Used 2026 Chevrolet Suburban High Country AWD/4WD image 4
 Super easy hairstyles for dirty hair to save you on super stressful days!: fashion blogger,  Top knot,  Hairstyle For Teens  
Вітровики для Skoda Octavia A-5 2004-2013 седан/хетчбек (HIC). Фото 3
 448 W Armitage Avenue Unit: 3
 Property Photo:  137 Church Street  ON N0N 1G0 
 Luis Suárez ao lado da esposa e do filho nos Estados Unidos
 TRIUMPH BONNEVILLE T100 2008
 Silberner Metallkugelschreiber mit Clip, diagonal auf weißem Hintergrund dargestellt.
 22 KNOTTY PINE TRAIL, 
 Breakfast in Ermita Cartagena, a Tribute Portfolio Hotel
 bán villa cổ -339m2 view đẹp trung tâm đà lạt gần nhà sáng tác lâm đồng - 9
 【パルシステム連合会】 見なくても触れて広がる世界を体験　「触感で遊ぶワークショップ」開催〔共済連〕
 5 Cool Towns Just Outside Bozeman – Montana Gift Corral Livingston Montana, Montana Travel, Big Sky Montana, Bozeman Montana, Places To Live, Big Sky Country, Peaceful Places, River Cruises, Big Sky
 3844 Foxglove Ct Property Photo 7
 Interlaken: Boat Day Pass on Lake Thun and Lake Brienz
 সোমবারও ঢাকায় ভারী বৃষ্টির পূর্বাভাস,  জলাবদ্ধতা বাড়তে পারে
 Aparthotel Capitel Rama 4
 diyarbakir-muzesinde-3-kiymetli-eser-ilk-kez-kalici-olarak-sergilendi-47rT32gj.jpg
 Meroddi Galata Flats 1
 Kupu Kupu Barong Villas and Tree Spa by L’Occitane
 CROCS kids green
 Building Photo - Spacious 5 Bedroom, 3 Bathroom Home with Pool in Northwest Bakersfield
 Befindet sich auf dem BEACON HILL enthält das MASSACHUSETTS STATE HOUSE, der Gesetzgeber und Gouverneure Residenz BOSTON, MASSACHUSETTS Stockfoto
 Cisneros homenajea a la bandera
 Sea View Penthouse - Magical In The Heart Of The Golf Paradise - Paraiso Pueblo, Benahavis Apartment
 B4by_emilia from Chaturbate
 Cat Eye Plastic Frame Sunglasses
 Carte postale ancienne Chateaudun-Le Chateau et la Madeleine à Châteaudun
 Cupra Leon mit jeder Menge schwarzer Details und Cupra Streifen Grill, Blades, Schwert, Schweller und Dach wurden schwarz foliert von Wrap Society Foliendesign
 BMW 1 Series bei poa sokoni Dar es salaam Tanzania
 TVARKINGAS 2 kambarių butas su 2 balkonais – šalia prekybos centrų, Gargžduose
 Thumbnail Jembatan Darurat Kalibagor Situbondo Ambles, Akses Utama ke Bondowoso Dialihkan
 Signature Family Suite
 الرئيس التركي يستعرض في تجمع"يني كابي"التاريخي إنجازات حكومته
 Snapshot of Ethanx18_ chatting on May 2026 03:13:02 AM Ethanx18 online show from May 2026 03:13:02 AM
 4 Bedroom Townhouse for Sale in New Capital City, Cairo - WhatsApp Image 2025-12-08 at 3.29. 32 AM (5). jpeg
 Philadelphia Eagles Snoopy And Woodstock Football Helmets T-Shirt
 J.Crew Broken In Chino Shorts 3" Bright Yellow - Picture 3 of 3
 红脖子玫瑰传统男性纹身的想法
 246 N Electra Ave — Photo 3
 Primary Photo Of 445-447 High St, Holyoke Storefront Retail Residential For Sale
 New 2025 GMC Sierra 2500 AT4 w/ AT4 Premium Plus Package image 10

- - - - -

Your assignment
Your reply should consist of the records, duplicated exactly.

Response to the task
Used 2026 Chevrolet Suburban High Country AWD/4WD image 4
 Super easy hairstyles for dirty hair to save you on super stressful days!: fashion blogger,  Top knot,  Hairstyle For Teens  
Вітровики для Skoda Octavia A-5 2004-2013 седан/хетчбек (HIC). Фото 3
 448 W Armitage Avenue Unit: 3
 Property Photo:  137 Church Street  ON N0N 1G0 
 Luis Suárez ao lado da esposa e do filho nos Estados Unidos
 TRIUMPH BONNEVILLE T100 2008
 Silberner Metallkugelschreiber mit Clip, diagonal auf weißem Hintergrund dargestellt.
 22 KNOTTY PINE TRAIL, 
 Breakfast in Ermita Cartagena, a Tribute Portfolio Hotel
 bán villa cổ -339m2 view đẹp trung tâm đà lạt gần nhà sáng tác lâm đồng - 9
 【パルシステム連合会】 見なくても触れて広がる世界を体験　「触感で遊ぶワークショップ」開催〔共済連〕
 5 Cool Towns Just Outside Bozeman – Montana Gift Corral Livingston Montana, Montana Travel, Big Sky Montana, Bozeman Montana, Places To Live, Big Sky Country, Peaceful Places, River Cruises, Big Sky
 3844 Foxglove Ct Property Photo 7
 Interlaken: Boat Day Pass on Lake Thun and Lake Brienz
 সোমবারও ঢাকায় ভারী বৃষ্টির পূর্বাভাস,  জলাবদ্ধতা বাড়তে পারে
 Aparthotel Capitel Rama 4
 diyarbakir-muzesinde-3-kiymetli-eser-ilk-kez-kalici-olarak-sergilendi-47rT32gj.jpg
 Meroddi Galata Flats 1
 Kupu Kupu Barong Villas and Tree Spa by L’Occitane
 CROCS kids green
 Building Photo - Spacious 5 Bedroom, 3 Bathroom Home with Pool in Northwest Bakersfield
 Befindet sich auf dem BEACON HILL enthält das MASSACHUSETTS STATE HOUSE, der Gesetzgeber und Gouverneure Residenz BOSTON, MASSACHUSETTS Stockfoto
 Cisneros homenajea a la bandera
 Sea View Penthouse - Magical In The Heart Of The Golf Paradise - Paraiso Pueblo, Benahavis Apartment
 B4by_emilia from Chaturbate
 Cat Eye Plastic Frame Sunglasses
 Carte postale ancienne Chateaudun-Le Chateau et la Madeleine à Châteaudun
 Cupra Leon mit jeder Menge schwarzer Details und Cupra Streifen Grill, Blades, Schwert, Schweller und Dach wurden schwarz foliert von Wrap Society Foliendesign
 BMW 1 Series bei poa sokoni Dar es salaam Tanzania
 TVARKINGAS 2 kambarių butas su 2 balkonais – šalia prekybos centrų, Gargžduose
 Thumbnail Jembatan Darurat Kalibagor Situbondo Ambles, Akses Utama ke Bondowoso Dialihkan
 Signature Family Suite
 الرئيس التركي يستعرض في تجمع"يني كابي"التاريخي إنجازات حكومته
 Snapshot of Ethanx18_ chatting on May 2026 03:13:02 AM Ethanx18 online show from May 2026 03:13:02 AM
 4 Bedroom Townhouse for Sale in New Capital City, Cairo - WhatsApp Image 2025-12-08 at 3.29. 32 AM (5). jpeg
 Philadelphia Eagles Snoopy And Woodstock Football Helmets T-Shirt
 J.Crew Broken In Chino Shorts 3" Bright Yellow - Picture 3 of 3
 红脖子玫瑰传统男性纹身的想法
 246 N Electra Ave — Photo 3
 Primary Photo Of 445-447 High St, Holyoke Storefront Retail Residential For Sale
 New 2025 GMC Sierra 2500 AT4 w/ AT4 Premium Plus Package image 10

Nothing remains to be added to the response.